Joesley ficou "desapontado" com Temer
Joesley relata que, na noite da gravação, Temer o recebeu em uma sala no subsolo do palácio, "depois da área de serviço e ao lado da garagem". Foi a primeira vez que conversaram nesse ambiente. Anteriormente, Joesley era recebido em uma das salas de estar do Palácio do Jaburu. Segundo ele, foram pelo menos cinco visitas antes do dia do grampo.
O empresário contou que estava nervoso naquele dia. Ele explicou que costuma falar de maneira truncada e usar o auxílio de anotações em papéis para falar de valores e outros assuntos delicados. Assim, não poderia ser muito explícito na conversa com Temer ou o presidente iria desconfiar.

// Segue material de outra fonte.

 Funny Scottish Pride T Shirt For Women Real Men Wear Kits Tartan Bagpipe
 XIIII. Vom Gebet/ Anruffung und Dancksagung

Disse ter ficado "desapontado" com o presidente Temer na hora em que comentou sua relação com o deputado federal cassado Eduardo Cunha (PMDB-RJ) na cadeia. Segundo a transcrição da Polícia Federal, o diálogo foi:
"Joesley Batista: Tô de bem com o Eduardo.
Michel Temer: Muito bem.
Joesley Batista: (...) e (...)
Michel Temer: Tem que manter isso, viu.
Joesley Batista: (...) Todo mês...
Michel Temer: O Eduardo também, né?
Joesley Batista: Também.
Michel Temer: É (...)"
Após a divulgação do teor do áudio, Temer afirmou que não levou a sério as declarações de Joesley naquela noite, por isso não o denunciou à Justiça.
No depoimento, Joesley reafirmou todas as acusações feitas a Temer, a Rodrigo Rocha Loures e a outros políticos e pessoas ligadas ao PMDB na Câmara. Também disse que conhece Geddel há cerca de 20 anos, pois a JBS compra gado de fazendas da família do político na Bahia.

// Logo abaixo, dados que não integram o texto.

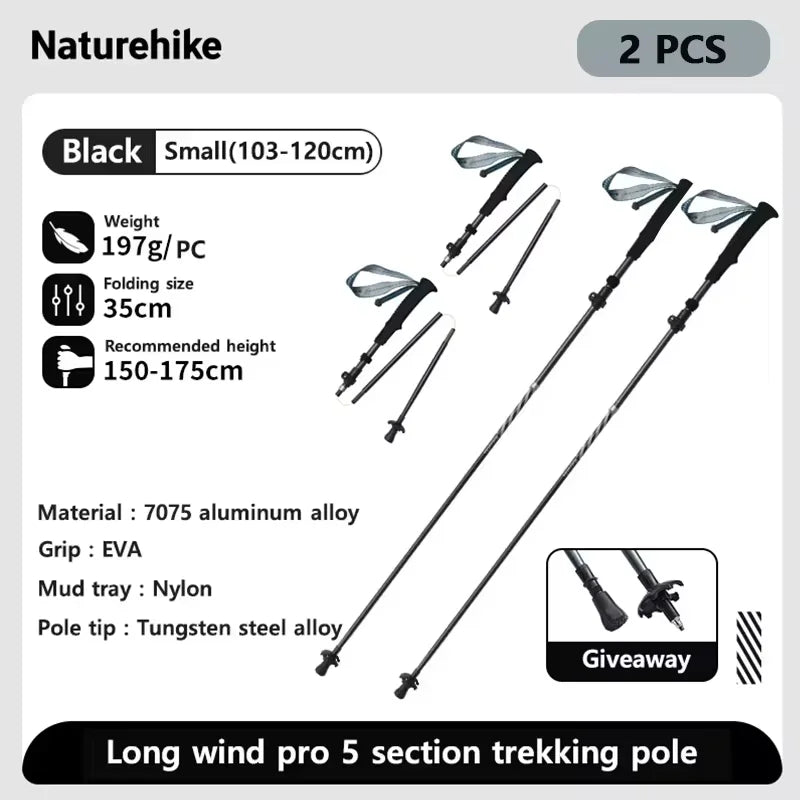 Naturehike Carbon Fiber Climbing Sticks Outdoor Folding Ultralight Trekking Poles Hiking Stick Collapsible Telescopic Stick
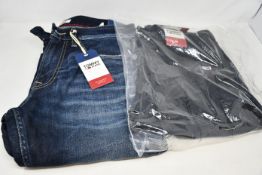 Two pairs of as new Tommy Jeans (W31/L32, W36/L32) and two pairs of Tommy Jeans Scanton joggers (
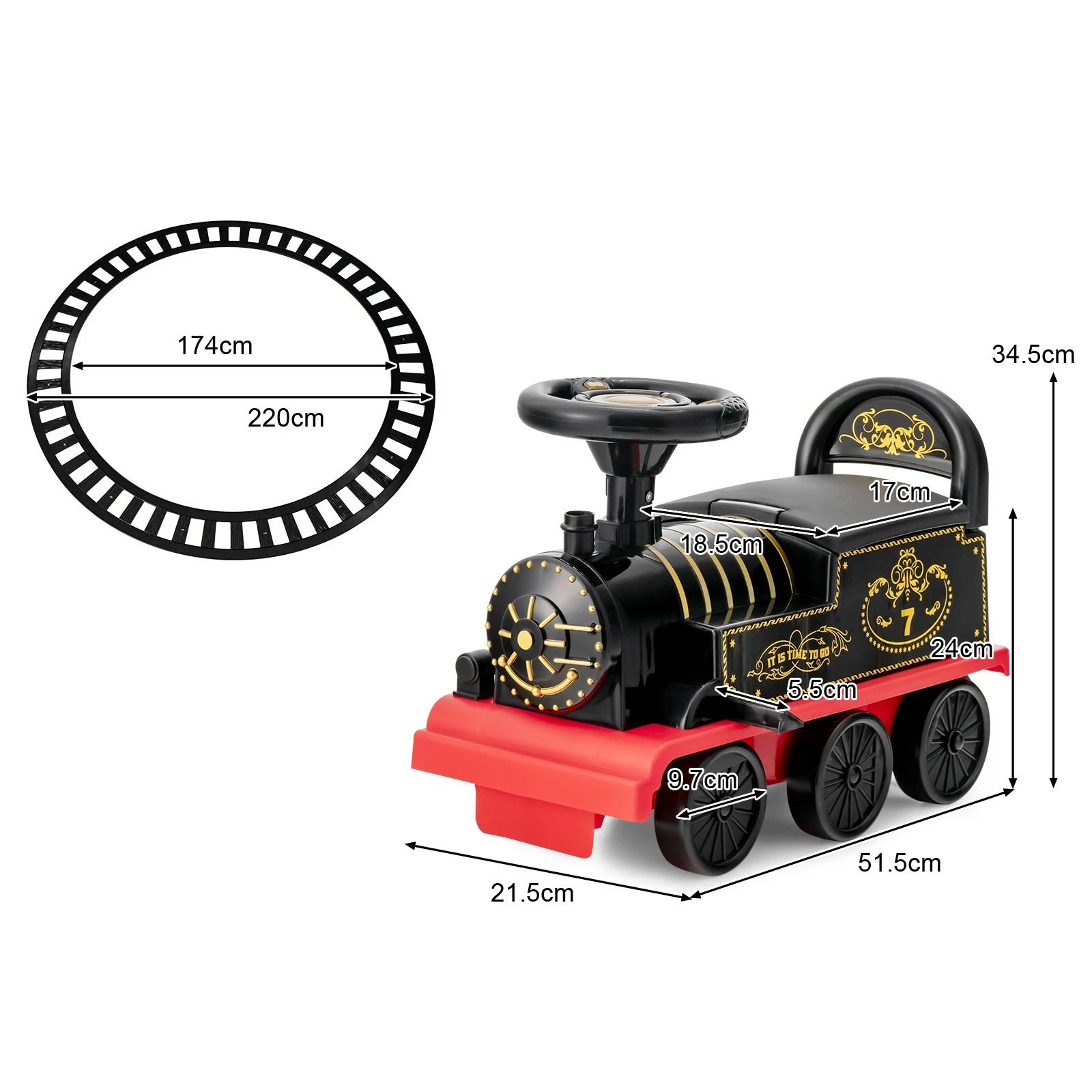 2 Costway Ride On Car Motorized Train Electric Toy Train, 2 of 5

A gravação é a principal prova da denúncia do procurador-geral da República, Rodrigo Janot, contra Temer. A linha da defesa do presidente é questionar a autenticidade e a validade do áudio como prova no processo. O advogado Antonio Cláudio Mariz de Oliveira negou todas as acusações contra Temer e chamou a gravação de "duvidosa" e "repleta de adulterações".
Perícia feita pelo INC (Instituto Nacional de Criminalística), ligado à Polícia Federal, aponta que o áudio não sofreu edições. Apesar disso, há 180 interrupções na gravação. De acordo com o laudo da PF, as interrupções foram provocadas pelo tipo de gravador utilizado, que desliga sozinho quando não há som ambiente e começa a gravar automaticamente quando algum barulho ativa o dispositivo.
J&F não comenta uso de gravador
Questionada sobre o assunto, a assessoria de imprensa da J&F afirma que não há nada a comentar sobre o gravador ou a gravação. "A J&F ressalta a importância do mecanismo da colaboração, que está permitindo que o Brasil mude para melhor", afirma a nota enviada ao UOL.
"Não seria possível expor a corrupção no país sem que pessoas que cometeram ilícitos admitissem os fatos e informassem como e com quem agiram, fornecendo indícios e provas. A colaboração de Joesley Batista e mais seis pessoas é muito diferente de todas as que já foram feitas até aqui. Além da utilização de ação controlada com autorização judicial, houve vastos depoimentos, subsidiados por documentos, que esclarecem o modus operandi do cerne do sistema político brasileiro", afirma a empresa.
"A despeito do grande número de informações e provas já entregues, os colaboradores continuam disponíveis para cooperar com a Justiça e, conforme acordo firmado, estão sendo identificados outras informações e documentos como complementos às investigações e que também serão entregues", termina o comunicado.